**ENTRIES SUPPLIED**
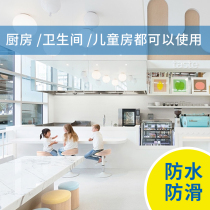 Cement flower pot special paint Tile floor anti-slip paint Cement floor classroom garage floor paint Step dust paint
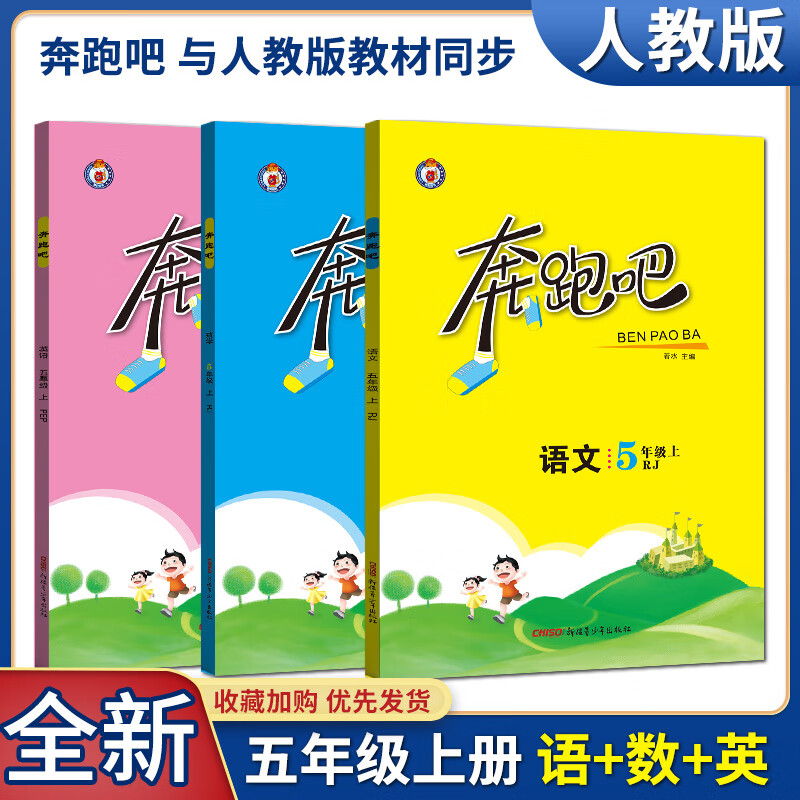2021版奔跑吧语文数学英语五年级上册人教版 小学5年级上教材同步训练课时作业本单元期中期末练习册课外课内阅读辅导资料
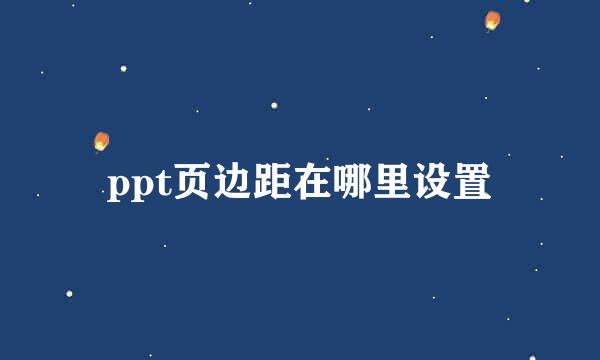 ppt页边距在哪里设置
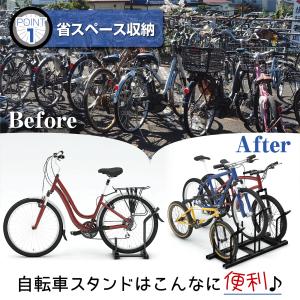 自転車スタンド 横風に強い 頑丈 自転車 ラッ...の詳細画像2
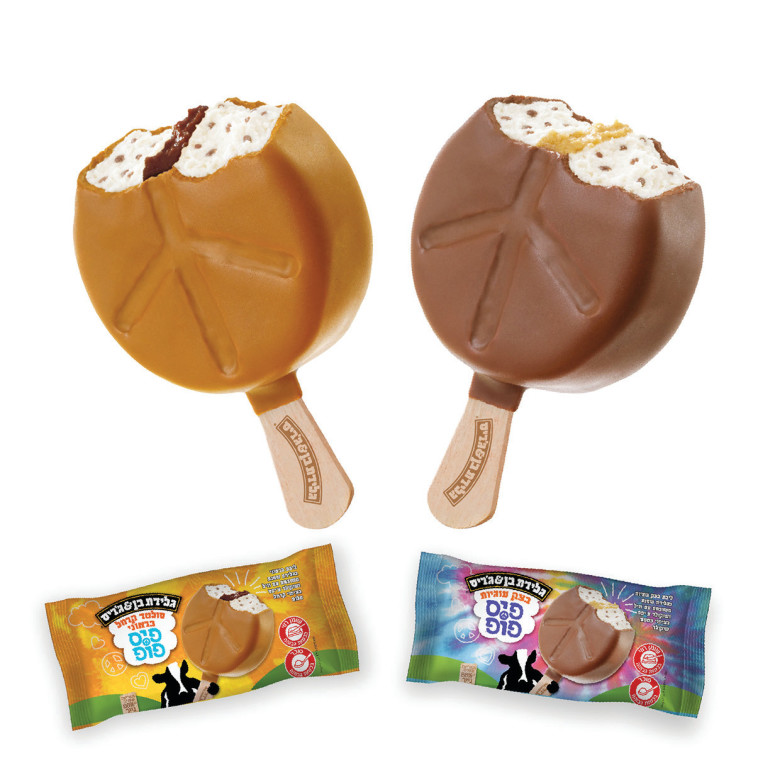 שלגון בן אנד ג'ריס, פיס פופ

**DESCRIPTION OF THE TASK**
Could you return, word for word, every line from the line with "2021版奔跑吧语文数学英语" through the last line of the listing above, both ends included, without any pictures?

**SOLUTION TO THIS TASK**
2021版奔跑吧语文数学英语五年级上册人教版 小学5年级上教材同步训练课时作业本单元期中期末练习册课外课内阅读辅导资料
 ppt页边距在哪里设置
 自転車スタンド 横風に強い 頑丈 自転車 ラッ...の詳細画像2
 שלגון בן אנד ג'ריס, פיס פופ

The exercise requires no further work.